Anche con recenti pronunciamenti la Suprema Corte, infatti, ha ribadito che “in tema di licenziamento per motivi disciplinari, le intercettazioni telefoniche o ambientali effettuate in un procedimento penale sono pienamente utilizzabili nel procedimento di cui all'art. 7 della l. n. 300 del 1970, purché legittimamente disposte nel rispetto delle norme costituzionali e procedimentali, non ostandovi i limiti previsti dall'art. 270 c.p.p., riferibili al solo procedimento penale, né il fatto che i verbali di tali intercettazioni siano stati realizzati nella forma del cd. "brogliaccio", senza trascrizione delle stesse, la cui assenza non le priva di ogni efficacia probatoria, giacché la prova è costituita dalle bobine e dai verbali, mentre la trascrizione si esaurisce in una serie di operazioni di carattere meramente materiale, non implicando l'acquisizione di alcun contributo tecnico-scientifico” (Cass. 16 ottobre 2024, n. 26836, Cass. 3 gennaio 2024, n. 109,
Cass. 2 marzo 2017, n. 5317).
La legittimità del licenziamento e la sussistenza della giusta causa del recesso datoriale prescindono, quindi, dall'esistenza di una conclamata responsabilità penale accertata giudizialmente in via definitiva.

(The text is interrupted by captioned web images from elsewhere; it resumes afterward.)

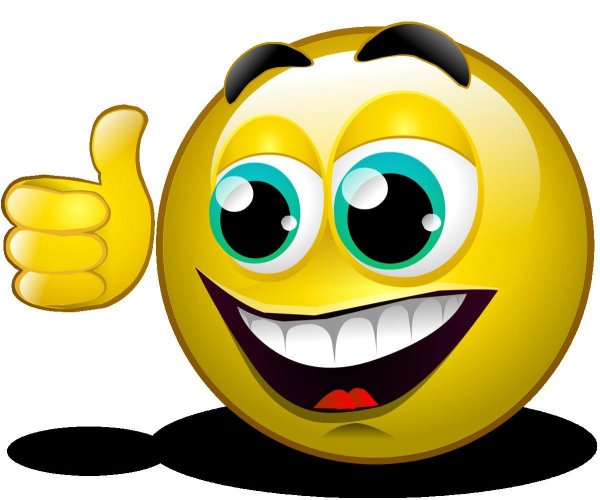 смешной смайлик
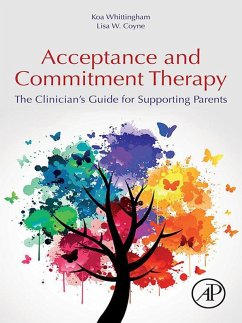 Cover Acceptance and Commitment Therapy (eBook, ePUB)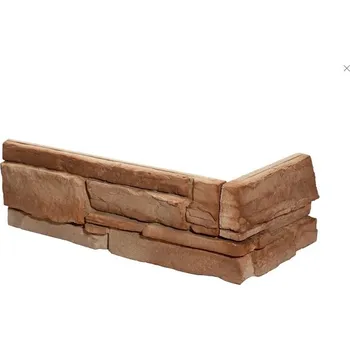 Obklad STEGU® Betonový ROHOVÝ obklad GRENADA 6 - ROSE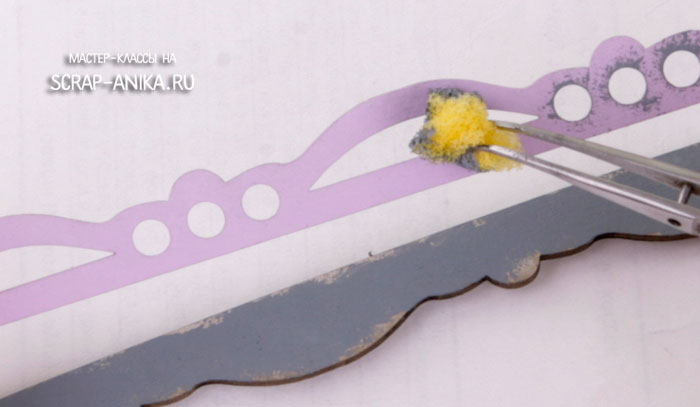 шторы для кукольного домика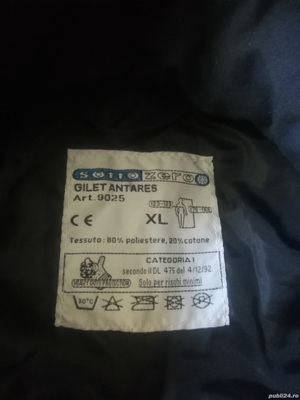 Haine protecție - imagine 3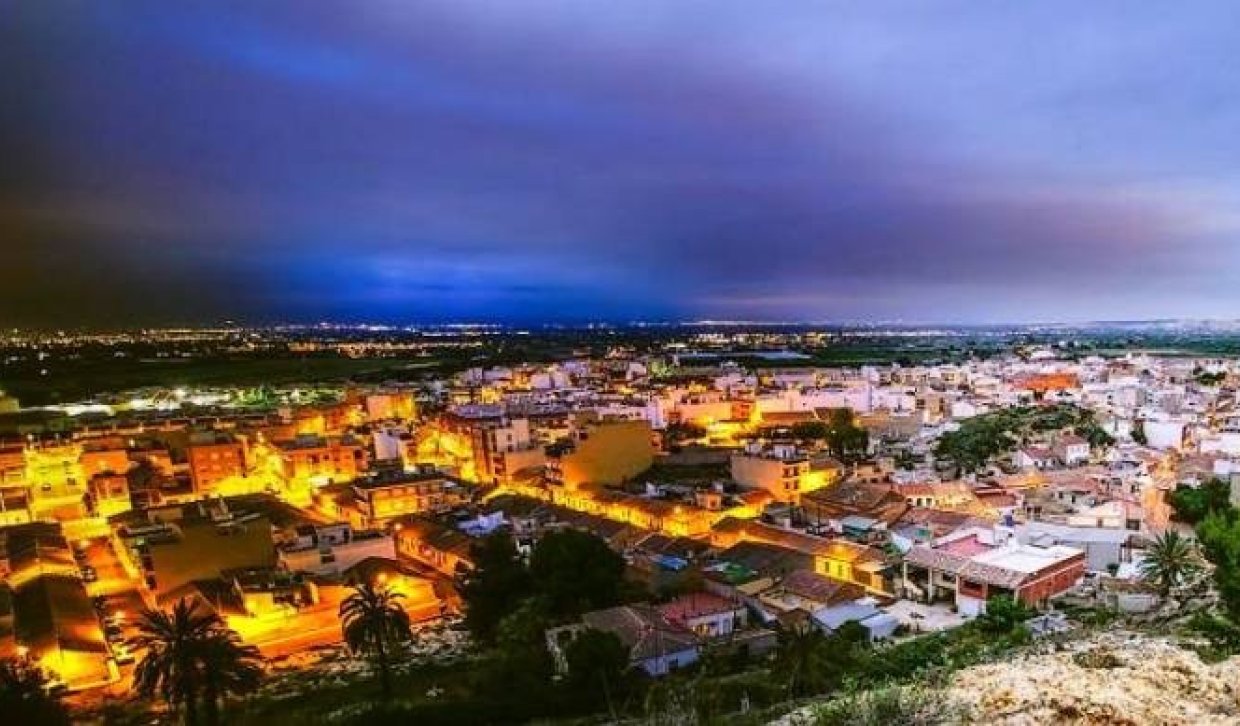 Revente - Solaire - Rojales - Centro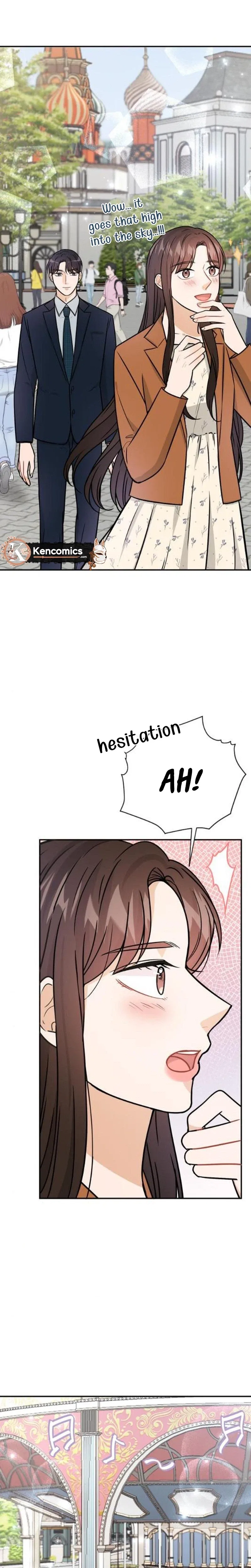 The Story of Park’s Marriage Contract Chapter 34 – Page 20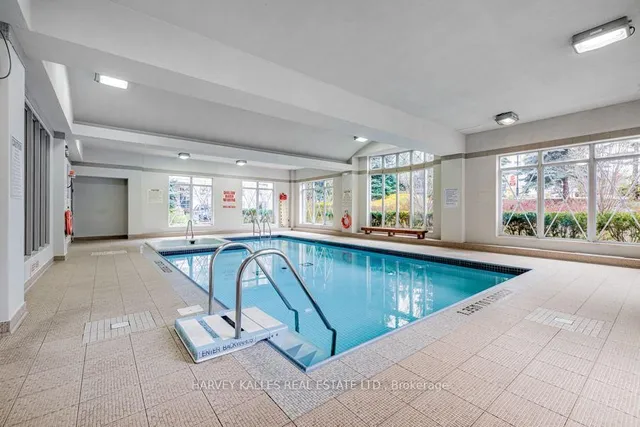 38 William Carson Cres #317, Toronto 5
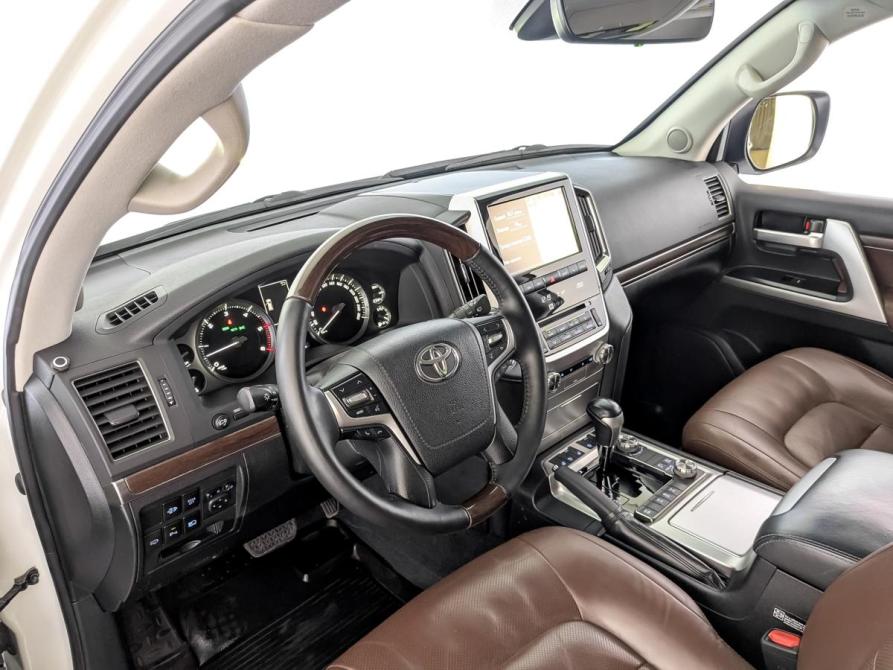 Toyota Land Cruiser 200 Series Рестайлинг 2 Москва  - изображение 16
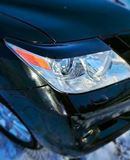 Реснички на фары LEXUS LX570 2007-2012 J200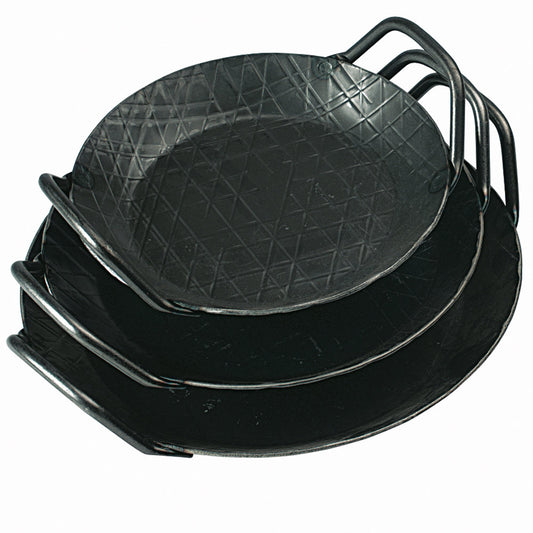 Pfanne mit zwei Griffen - Ø 20 / 14 cm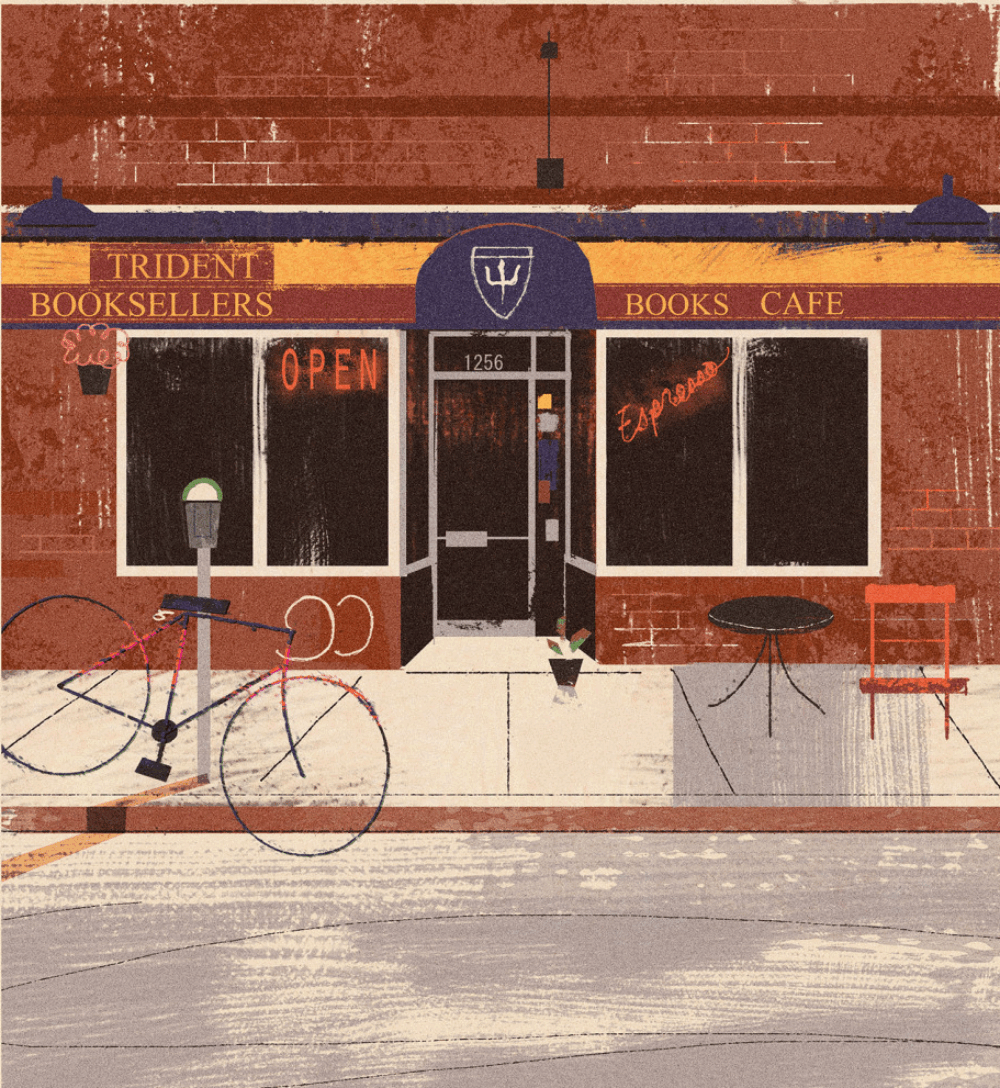 Trident Booksellers & Cafe image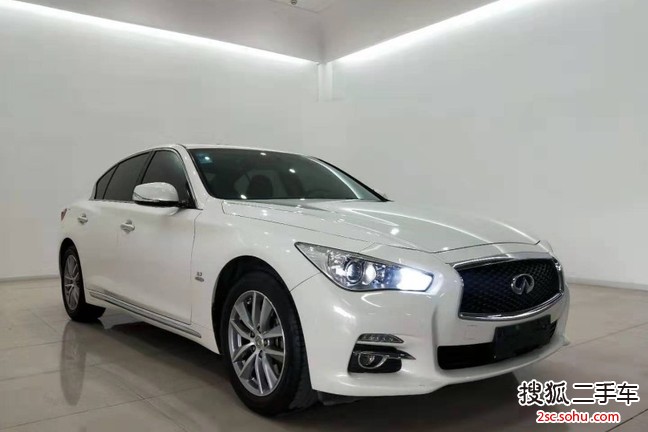 英菲尼迪Q50L2016款2.0T 进取版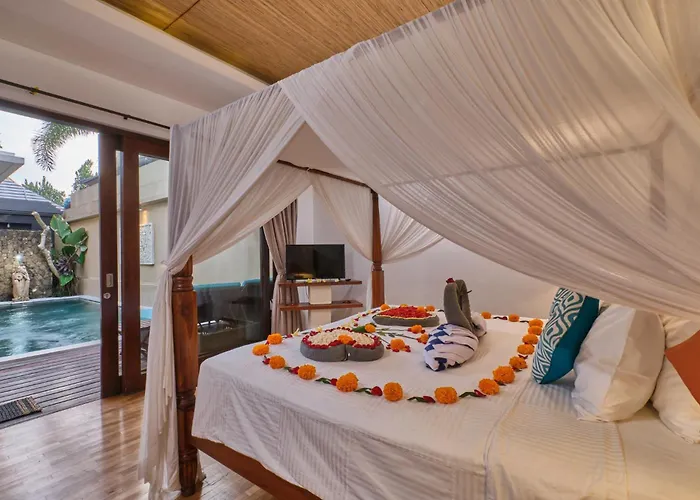 Unique 1br For A Couple In Ubud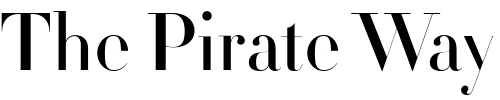 Font : Didot-HTF-M64-Medium Custom Text : The Pirate Way Test your own text here Click to download or to view this font on a tshirt that can be custom printed in Bali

Per giusta causa del licenziamento si intende, infatti, la causa che non consente la prosecuzione, neanche provvisoria, del rapporto, ex art. 2119 c.c., che si sostanzia nel grave inadempimento del dipendente ed anche nel grave comportamento del lavoratore contrario alle norme della comune etica o del comune vivere civile, tale da far venir meno il rapporto fiduciario tra datore e lavoratore.
7- Al ricorrente sono stati contestati 20 episodi di furto, verificatisi tra il 2 aprile e il 21 giugno 2023, descritti analiticamente nella lettera di contestazione disciplinare.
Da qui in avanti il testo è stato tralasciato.